My practice is built on three restoratives: attention, accountability, and co creation. Pay full attention to the person in front of you. Keep promises and own mistakes. Make things together, not just for people. That is how art repairs what everyday life can undo.

When did you last change your mind about something important?
In 2011 I changed my mind about my life’s direction. I had absorbed the message that an artist must be a starving artist, so for years I made work in secret and kept my creative life small. After carrying that belief since I was eight, I finally rejected it. I chose to live openly as an artist and built a daily practice, a professional studio, and a public body of work.

The shift took resilience. I learned production, logistics, and the business of art while centering ASL, accessibility, and community. Letting go of the old story allowed my work and my relationships to align with who I really am.

Next, maybe we can discuss some of your foundational philosophies and views? How do you differentiate between fads and real foundational shifts?
I look for signals that hold up over time. If an idea still matters after several seasons and real events, it earns my attention. It must serve the work’s purpose by strengthening storytelling, accessibility, or craft. I watch how the community responds. When collaborators and collectors change their habits, that is a sign of something real. I ask whether it expands participation and improves the experience for more people. Foundational shifts usually require new skills, budgets, or workflows, and they keep proving themselves across mediums, from video and print to installations and in person events. Finally, I weigh results alongside lived stories. When the numbers and the audience align, I trust the shift.

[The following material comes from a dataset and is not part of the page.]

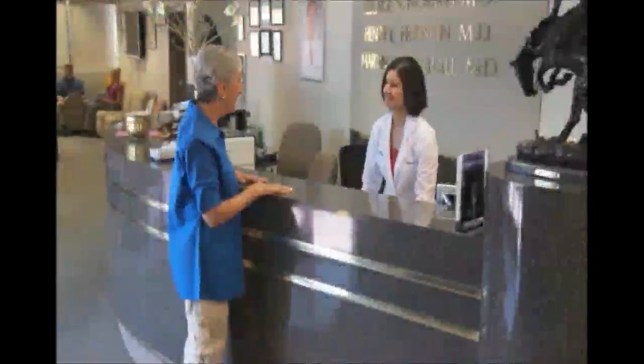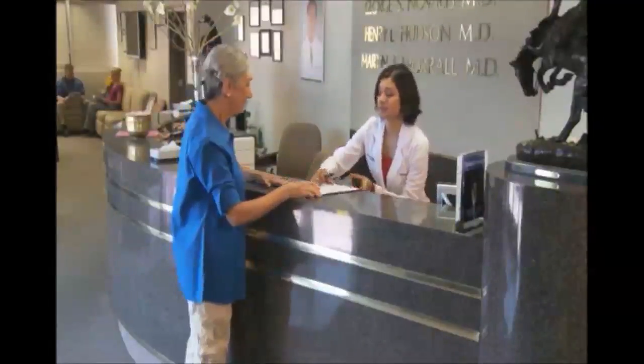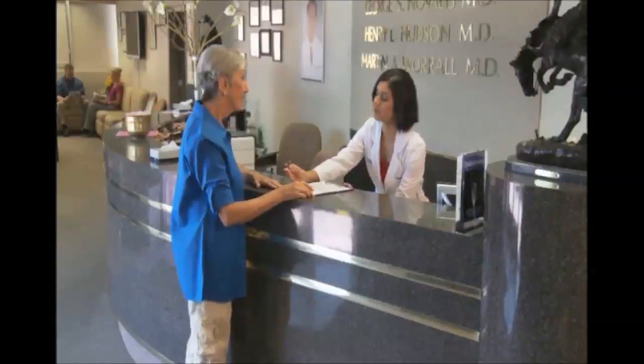This video will demonstrate the steps that a retinal surgeon or other health care professional should follow in order to administer Visudyne therapy.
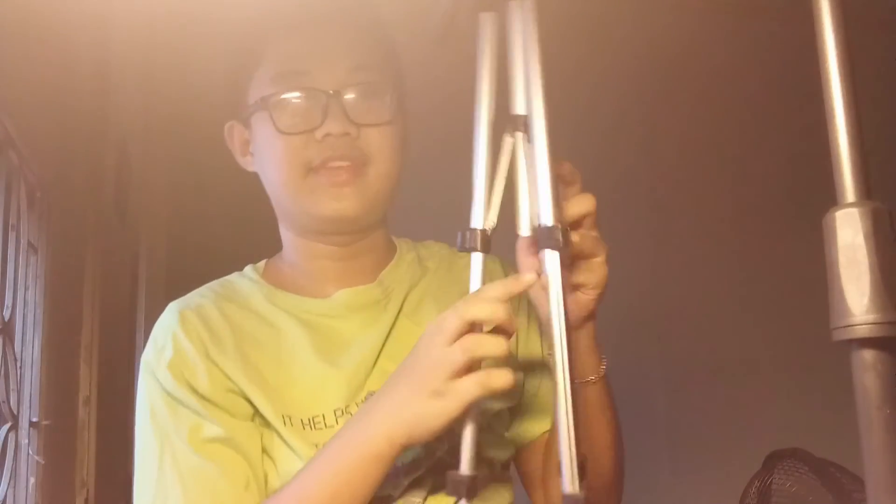If you're wondering, 'Hey VQC, I thought you made a tripod unboxing video — where's that tripod? Why don't you use it anymore?' Well, the tripod is still here, as you can see from the video I made on VQC's Dominic's channel. But look — the top is broken.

Before we go, we’d love to hear your thoughts on some longer-run, legacy type questions. Could you give everything your best, even if no one ever praised you for it?
Yes. Praise is a breeze, not a compass. My compass is the promise I make to the work, to Deaf culture, and to the Southern California community that shapes me. I would keep showing up, refining craft, crediting collaborators, and building accessibility into every piece. That is how the work stays honest.

Legacy to me is quiet excellence repeated over years. It is clear captions and clean metadata, sturdy materials and careful color, certificates that outlast trends, and archives that help the next artist. If no one clapped, I would still do the same work, because the standard lives inside the practice, not in the applause.